MARY BEARD’S THE PARTHENON : SERIOUS HISTORY WRITTEN AS A DETECTIVE STORY

If you fancy a detective  story, Mary Beard’s is a voice apart with a conversational style of writing, belying  her academic pedigree  at its heart. This book is serious history written as a detective story.

What the author presents is a witty and accessible  discussion  about the building’s downfall from a glorious  classical temple  to a controversial  tourist attraction. Whether  you have seen the Parthenon  or not, it appears to inspire much awe, making it a magnet for our imagination. 

The book presumes only a very basic familiarity  with the ancient world  and the history  of Athens.  Mary Beard writes for a wide audience with a text that’s lucid and admirably unencumbered  by jargon  or esoteric terminology  which often leads the uninitiated reader to despair. 

Chapter One, entitled “Why the Parthenon  might make you cry”, sets out to present the Parthenon  as an object  of extreme  emotional experience, a source  of marvel,  emulation  and debate.  Had it not been  dismembered  and ended up in so many museums,  it would never have been  half as famous. 

In Chapter Two, Beard travels back in time to present ancient sources  for the building  while discussing  its original function and sociohistorical context.  She formulates  numerous questions,  not so much in order to answer them but to reflect on the limitations  of the Parthenon  as a bridge between  the present and the distant past.

Chapter Three  brings to the forefront, its various iterations between  the end of antiquity,  and the modern era. Since the ’70s restoration works much  has revealed  much about its ‘bones’, in regards to it becoming a church  and its subsequent  function  as a cathedral  under the Franks, Catalan and the Florentines, and finally as a mosque under the Ottomans. Mary Beard  highlights the role of the Parthenon at the center of lost perceptual  universes which were once sought  as the “magic” for its classical origins. 

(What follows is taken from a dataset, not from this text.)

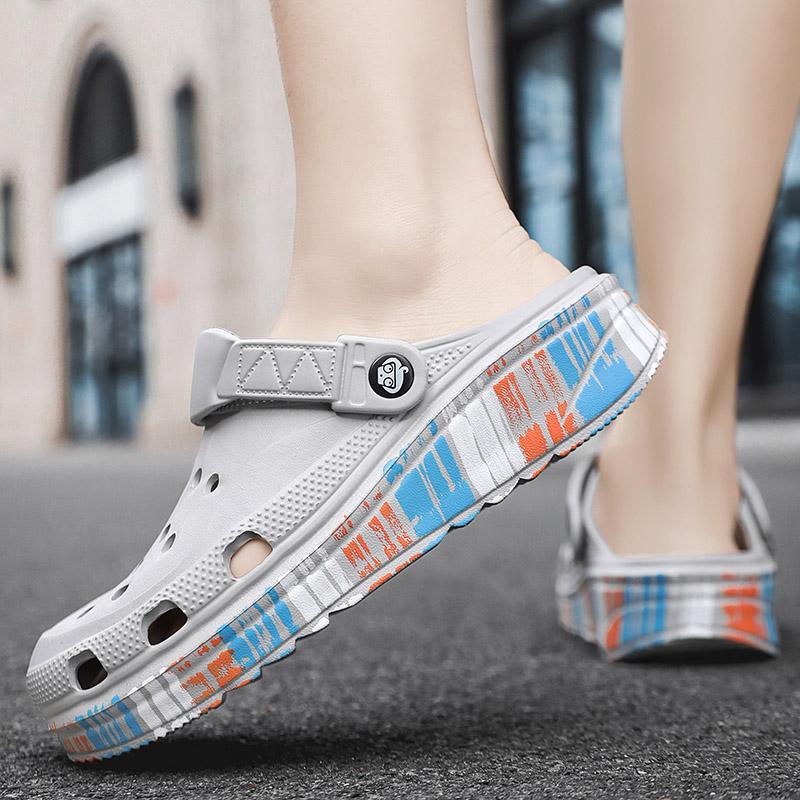 Summer New Eva Breathable Lightweight Men'S Casual Slip On Beach Slipper Waterproof Garden Shoes Outdoor Hollow Walking Slippers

Chapter Four  covers the building’s history from the disastrous  explosion of 1687 to the present day. Travellers visiting  the edifice  helped themselves  to architectural sculptures, initiating their dispersal  around Europe. The process culminated  in Lord Elgin’s infamous intervention,  the legality of which lies at the core of persisting debate regarding repatriation  of the Parthenon’s marbles.  She discusses how during the 19th century Classicism  period when everything  in Greece  was fabricated to fit the European narrative  of an ideal past. 

In Chapter Five, the author reflects  on our idealisation  of the Parthenon  as a symbol  of Democracy  and the unfavourable realities  and contradictions of the society that generated it.

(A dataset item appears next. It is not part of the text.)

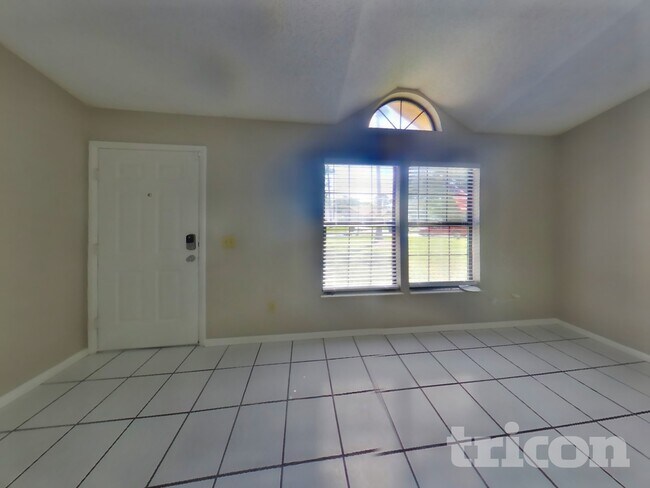 Building Photo - 4739 Harpers Ferry Ln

The subject of Chapter  Six, “Meanwhile,  back in London….” accounts  for the current situation over the ownership of the Parthenon and its ultimate fate. Beard  points out the longest running  cultural  controversy,  is not simply between  the Greek government  and a highly prestigious  British cultural  institution,  but also the contradictions surrounding the contemporary  life of the Parthenon. 

The last section,  titled “Making a visit?”  makes recommendations  for travellers  to Athens  and London  to include the important historic Weiler Buildings  South-East  of the Dionysus  Theatre  and adjacent  to the new Acropolis museum, which houses the only set of plaster casts of the expatriated  marbles.  The book is a book in expanding literature  on the Parthenon.  Mary Beard has achieved  a needed synthesis  of a building  and its sculptures. 

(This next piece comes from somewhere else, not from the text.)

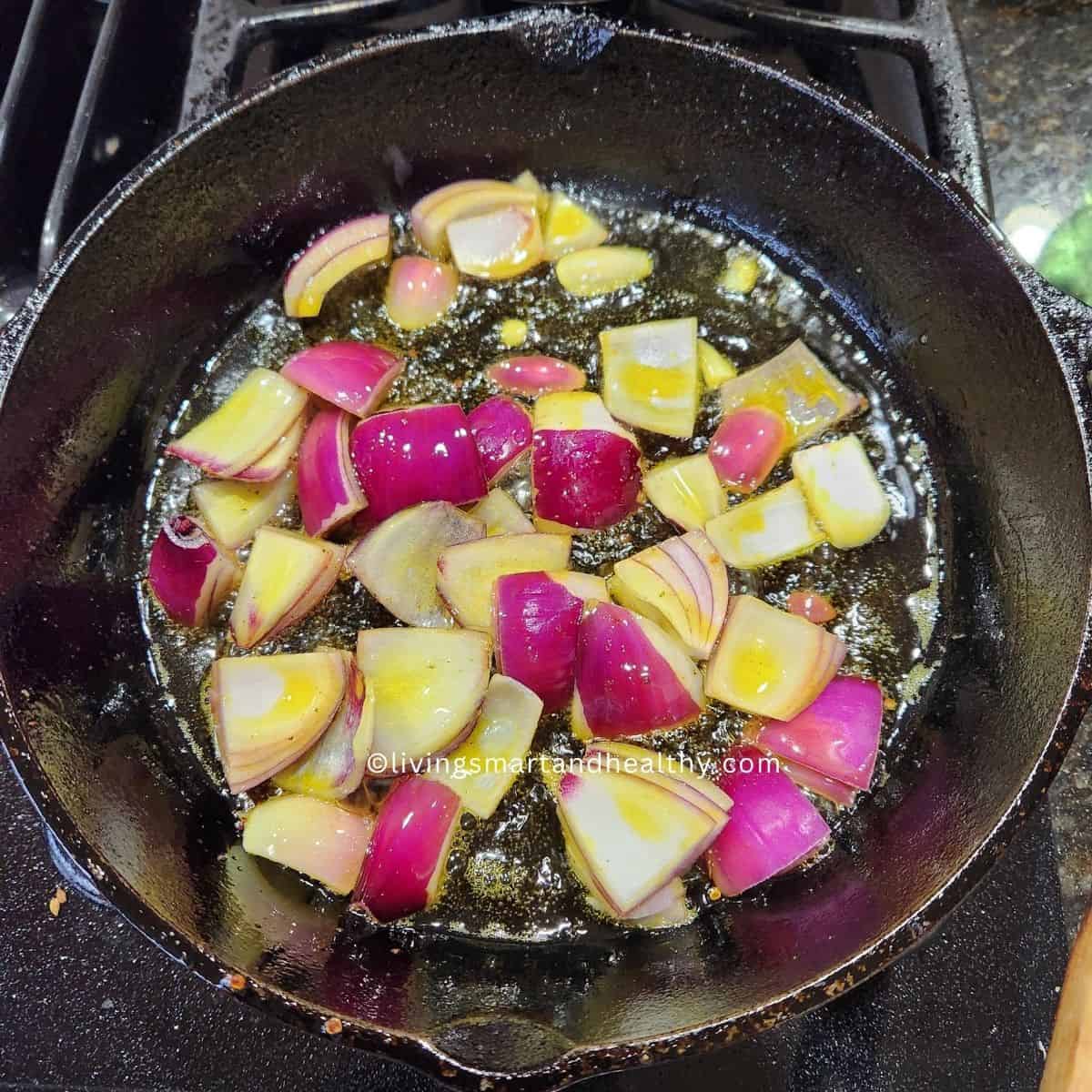 sear onion petals for bhindi do pyaaza recipe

Interestingly,  like all ruins it was exploited, which is why Beard  refuses to condemn Lord Elgin’s removal of the marble friezes,  now resting in the British Museum,  considering  when he visited  the site it was a ‘ruined  affair’ colonised by a mosque, encroached by a garrison shanty-town, and despoiled for more than a century by locals and visitors alike. 

The decision  to remove the sculptures  would not have been a difficult choice according to Mary Beard,  a safer place by removal, than left as it were. Luckily,  a couple  of decades  later,  Lord Elgin was almost vindicated,  when plans were drawn up to build a new royal  palace on the Acropolis, which fortunately  came to no fruition.  The Greek government began  a campaign  of ‘restoration’ that systematically  removed every vestige of “Barbarian” influence  on the Parthenon. 

This was almost as much of a crime as bringing the whole  thing to the ground. Yes, says Beard,  much was lost but there were successes in the discoveries  they made.

Beard ‘s historical knowledge  is only surpassed  by her ability to tell a story.